A Humble Beginner’s Manual

You should read this first before proceeding to the more detailled chapters that will explain a certain topic, but won’t give you an overview on libmunin’s capabillities. This should give you a quick introduction on what is what and where what is when where is not defined. Consfused? Me too. Let’s just dive in!

Part 1: Minimal Example

Let’s start with the pretty minimal example you may have seen already on the frontpage. But let’s go through it more detailed this time.

 1
 2
 3
 4
 5
 6
 7
 8
 9
10
11
12
13
14
15
16
17
18
19
20
21
22
from munin.easy import EasySession

MY_DATABASE = [
    # Artist:            Album:               Title:             Genre:
    ('Akrea'          , 'Lebenslinie'      , 'Trugbild'       , 'death metal'),
    ('Vogelfrey'      , 'Wiegenfest'       , 'Heldentod'      , 'folk metal'),
    ('Letzte Instanz' , 'Götter auf Abruf' , 'Salve te'       , 'folk rock'),
    ('Debauchery'     , 'Continue to Kill' , 'Apostle of War' , 'brutal death')
]

session = EasySession()
with session.transaction():
    for idx, (artist, album, title, genre) in enumerate(MY_DATABASE):
         session.mapping[session.add({
             'artist': artist,
             'album': album,
             'title': title,
             'genre': genre
         })] = idx

for munin_song in session.recommend_from_seed(session[0], 2):
    print(MY_DATABASE[munin_song.uid])

The output of this little wonder should be:

('Vogelfrey'  , 'Wiegenfest'       , 'Heldentod'      , 'folk metal'),
('Debauchery' , 'Continue to Kill' , 'Apostle of War' , 'brutal death')

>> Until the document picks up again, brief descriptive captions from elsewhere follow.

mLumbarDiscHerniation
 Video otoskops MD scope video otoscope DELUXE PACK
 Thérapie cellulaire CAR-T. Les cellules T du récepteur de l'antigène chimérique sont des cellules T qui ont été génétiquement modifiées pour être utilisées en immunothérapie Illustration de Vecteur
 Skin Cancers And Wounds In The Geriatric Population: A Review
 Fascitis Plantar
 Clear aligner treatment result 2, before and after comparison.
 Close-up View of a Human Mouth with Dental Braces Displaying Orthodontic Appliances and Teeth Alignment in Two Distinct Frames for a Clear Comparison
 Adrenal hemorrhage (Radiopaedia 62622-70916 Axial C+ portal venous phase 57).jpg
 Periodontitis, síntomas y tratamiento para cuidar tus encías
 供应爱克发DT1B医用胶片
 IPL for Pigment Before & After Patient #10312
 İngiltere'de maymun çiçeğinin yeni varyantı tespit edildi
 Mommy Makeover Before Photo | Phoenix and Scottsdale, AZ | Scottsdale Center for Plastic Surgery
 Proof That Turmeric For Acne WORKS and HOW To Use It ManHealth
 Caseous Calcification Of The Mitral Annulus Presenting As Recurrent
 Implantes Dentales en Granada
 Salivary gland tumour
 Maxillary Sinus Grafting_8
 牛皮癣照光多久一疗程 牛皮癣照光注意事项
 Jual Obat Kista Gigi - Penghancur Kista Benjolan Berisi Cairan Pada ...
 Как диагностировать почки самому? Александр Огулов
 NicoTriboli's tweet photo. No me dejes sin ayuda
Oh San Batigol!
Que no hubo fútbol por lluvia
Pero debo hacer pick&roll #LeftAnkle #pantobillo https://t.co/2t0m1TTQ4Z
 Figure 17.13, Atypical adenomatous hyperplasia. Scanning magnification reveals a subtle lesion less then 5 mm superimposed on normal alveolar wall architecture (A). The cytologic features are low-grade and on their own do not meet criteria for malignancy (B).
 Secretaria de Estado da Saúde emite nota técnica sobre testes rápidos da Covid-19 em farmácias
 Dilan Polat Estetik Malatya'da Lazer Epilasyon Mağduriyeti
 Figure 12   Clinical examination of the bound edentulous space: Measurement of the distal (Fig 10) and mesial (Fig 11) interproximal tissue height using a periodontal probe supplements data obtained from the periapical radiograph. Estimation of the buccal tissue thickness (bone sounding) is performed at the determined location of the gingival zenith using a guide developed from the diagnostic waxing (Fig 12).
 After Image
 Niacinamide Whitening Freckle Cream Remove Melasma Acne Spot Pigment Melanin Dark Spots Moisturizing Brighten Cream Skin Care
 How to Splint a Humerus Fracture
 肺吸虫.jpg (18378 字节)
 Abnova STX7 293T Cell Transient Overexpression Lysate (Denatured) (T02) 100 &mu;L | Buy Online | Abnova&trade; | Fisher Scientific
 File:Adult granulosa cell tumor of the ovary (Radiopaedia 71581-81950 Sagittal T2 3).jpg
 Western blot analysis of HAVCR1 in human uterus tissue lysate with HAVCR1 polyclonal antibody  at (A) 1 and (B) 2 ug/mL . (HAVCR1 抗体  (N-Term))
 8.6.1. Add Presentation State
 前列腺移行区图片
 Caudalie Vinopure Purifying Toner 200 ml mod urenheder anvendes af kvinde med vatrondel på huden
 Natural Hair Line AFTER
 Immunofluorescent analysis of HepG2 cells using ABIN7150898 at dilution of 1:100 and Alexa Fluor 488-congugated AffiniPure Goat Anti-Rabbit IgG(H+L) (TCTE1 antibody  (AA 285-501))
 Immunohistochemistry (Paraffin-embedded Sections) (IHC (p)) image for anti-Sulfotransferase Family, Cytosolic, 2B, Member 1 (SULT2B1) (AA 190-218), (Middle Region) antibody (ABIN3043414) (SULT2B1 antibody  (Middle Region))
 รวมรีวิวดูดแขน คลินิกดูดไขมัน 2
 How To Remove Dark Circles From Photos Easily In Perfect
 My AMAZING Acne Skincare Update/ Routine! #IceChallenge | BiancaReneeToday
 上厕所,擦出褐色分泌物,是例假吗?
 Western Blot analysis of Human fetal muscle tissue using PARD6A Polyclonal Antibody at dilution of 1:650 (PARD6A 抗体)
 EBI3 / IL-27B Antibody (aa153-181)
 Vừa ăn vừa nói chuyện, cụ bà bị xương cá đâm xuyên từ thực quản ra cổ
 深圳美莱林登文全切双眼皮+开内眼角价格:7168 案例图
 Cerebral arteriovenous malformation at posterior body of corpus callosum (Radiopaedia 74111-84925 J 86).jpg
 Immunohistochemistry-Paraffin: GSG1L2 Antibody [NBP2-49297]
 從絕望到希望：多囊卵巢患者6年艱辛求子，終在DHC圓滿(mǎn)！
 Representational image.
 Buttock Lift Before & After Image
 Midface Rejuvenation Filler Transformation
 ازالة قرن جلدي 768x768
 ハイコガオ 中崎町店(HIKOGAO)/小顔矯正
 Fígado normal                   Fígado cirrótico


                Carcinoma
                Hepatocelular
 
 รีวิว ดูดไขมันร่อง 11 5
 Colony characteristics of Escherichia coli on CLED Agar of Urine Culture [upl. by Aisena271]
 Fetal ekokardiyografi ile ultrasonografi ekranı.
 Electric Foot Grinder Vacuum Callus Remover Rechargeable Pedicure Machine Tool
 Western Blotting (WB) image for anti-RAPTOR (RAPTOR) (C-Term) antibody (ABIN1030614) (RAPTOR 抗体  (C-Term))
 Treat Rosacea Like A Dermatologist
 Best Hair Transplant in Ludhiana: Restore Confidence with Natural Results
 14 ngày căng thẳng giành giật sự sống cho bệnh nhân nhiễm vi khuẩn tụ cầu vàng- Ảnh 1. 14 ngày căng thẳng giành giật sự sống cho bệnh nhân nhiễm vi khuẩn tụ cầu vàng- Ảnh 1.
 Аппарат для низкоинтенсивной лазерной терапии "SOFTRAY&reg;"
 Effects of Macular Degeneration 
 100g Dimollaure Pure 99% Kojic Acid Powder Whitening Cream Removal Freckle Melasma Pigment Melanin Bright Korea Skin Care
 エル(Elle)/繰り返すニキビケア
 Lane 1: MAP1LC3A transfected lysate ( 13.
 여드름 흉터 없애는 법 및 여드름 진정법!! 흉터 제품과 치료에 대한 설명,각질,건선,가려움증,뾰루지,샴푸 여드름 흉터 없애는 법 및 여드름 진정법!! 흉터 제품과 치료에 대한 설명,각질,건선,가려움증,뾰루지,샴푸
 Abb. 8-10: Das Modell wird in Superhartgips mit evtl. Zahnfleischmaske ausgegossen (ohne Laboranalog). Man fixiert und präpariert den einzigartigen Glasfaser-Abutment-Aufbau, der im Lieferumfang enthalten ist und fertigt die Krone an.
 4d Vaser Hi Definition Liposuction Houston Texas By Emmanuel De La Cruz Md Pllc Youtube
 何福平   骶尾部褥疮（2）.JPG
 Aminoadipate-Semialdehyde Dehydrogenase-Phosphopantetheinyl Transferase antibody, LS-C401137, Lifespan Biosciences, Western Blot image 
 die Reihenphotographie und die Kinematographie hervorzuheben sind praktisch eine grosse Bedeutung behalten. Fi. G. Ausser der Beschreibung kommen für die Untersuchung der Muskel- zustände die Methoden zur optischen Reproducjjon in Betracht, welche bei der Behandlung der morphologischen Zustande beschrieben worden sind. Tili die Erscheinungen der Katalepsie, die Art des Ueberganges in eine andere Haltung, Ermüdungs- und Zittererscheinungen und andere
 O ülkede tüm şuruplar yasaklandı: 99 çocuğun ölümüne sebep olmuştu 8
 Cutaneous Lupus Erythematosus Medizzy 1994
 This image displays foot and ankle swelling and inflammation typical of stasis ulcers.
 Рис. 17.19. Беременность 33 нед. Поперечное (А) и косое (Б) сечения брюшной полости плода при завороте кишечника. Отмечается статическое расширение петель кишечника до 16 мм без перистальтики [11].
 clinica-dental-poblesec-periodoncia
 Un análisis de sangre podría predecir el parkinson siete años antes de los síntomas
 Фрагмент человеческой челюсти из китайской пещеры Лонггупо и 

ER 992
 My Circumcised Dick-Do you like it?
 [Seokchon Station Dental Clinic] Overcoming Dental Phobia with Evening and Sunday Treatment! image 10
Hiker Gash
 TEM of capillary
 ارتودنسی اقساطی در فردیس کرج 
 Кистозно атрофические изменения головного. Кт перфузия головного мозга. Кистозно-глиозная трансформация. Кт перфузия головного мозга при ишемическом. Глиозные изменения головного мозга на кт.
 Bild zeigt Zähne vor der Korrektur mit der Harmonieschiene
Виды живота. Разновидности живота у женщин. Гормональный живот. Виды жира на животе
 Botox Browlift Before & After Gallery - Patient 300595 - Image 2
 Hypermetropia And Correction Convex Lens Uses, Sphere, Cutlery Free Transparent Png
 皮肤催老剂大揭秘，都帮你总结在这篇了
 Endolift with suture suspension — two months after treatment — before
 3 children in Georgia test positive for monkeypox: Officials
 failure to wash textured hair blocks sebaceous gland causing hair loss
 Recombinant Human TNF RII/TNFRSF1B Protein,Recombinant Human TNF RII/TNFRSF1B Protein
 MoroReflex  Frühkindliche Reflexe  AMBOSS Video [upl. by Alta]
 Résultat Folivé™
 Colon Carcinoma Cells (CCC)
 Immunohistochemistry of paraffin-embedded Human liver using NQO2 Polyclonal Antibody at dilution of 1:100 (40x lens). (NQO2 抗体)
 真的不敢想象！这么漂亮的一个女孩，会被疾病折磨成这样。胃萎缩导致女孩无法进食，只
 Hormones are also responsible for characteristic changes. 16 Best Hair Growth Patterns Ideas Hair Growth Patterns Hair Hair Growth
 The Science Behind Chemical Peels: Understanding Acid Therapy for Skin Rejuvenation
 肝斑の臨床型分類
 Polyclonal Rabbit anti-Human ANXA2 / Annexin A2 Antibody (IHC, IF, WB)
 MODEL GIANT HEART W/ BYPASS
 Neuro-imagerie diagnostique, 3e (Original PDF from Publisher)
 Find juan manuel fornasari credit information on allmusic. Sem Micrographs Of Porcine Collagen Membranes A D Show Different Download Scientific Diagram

We can somewhat explain this, since the only thing those songs have in common is the genre - at least partially.

But well, let’s look at the higlighted lines:

  • Line 1:

    Everytime you work with this library you gonna need a session. In this simple case we just use the easisest and shorted possibillity: The munin.easy.EasySession. You can imagine it as a preconfigured Session with defaults that will work fine in many cases.

    You can read more at Part 2 & 10.

  • Line 3:

    Here we fake a databse. You should be aware that libmunin will only eat data. The only thing it might do is helping you on that process with some utilites (as seen in Part 9). But still, you’re on your own here.

  • Line 11:

    As mentioned above we need a Session to talk with libmunin. Before using a Session we need to fill it with data. This data consists of songs and history information - we only use the basic adding of songs here.

  • Line 12:

    When adding songs to a session we need to builup quite some internal data-structures. If we rebuild after every add it would take a lot of time till you get your first recommendation. Therefore the transaction contextmanager will immediately yield and call a rebuild on the database after you added all the songs.

    By the way, if you want to add songs at some late point it is recommended to use munin.database.Database.insert().

  • Line 14:

    This is perhaps the hardest line to grok. With session.add we add a single song to the Session. session.add expects a dictionary with keys (the keys are pre-defined in the case of EasySession, but can be configured in the normal session) and the values you want to set per song.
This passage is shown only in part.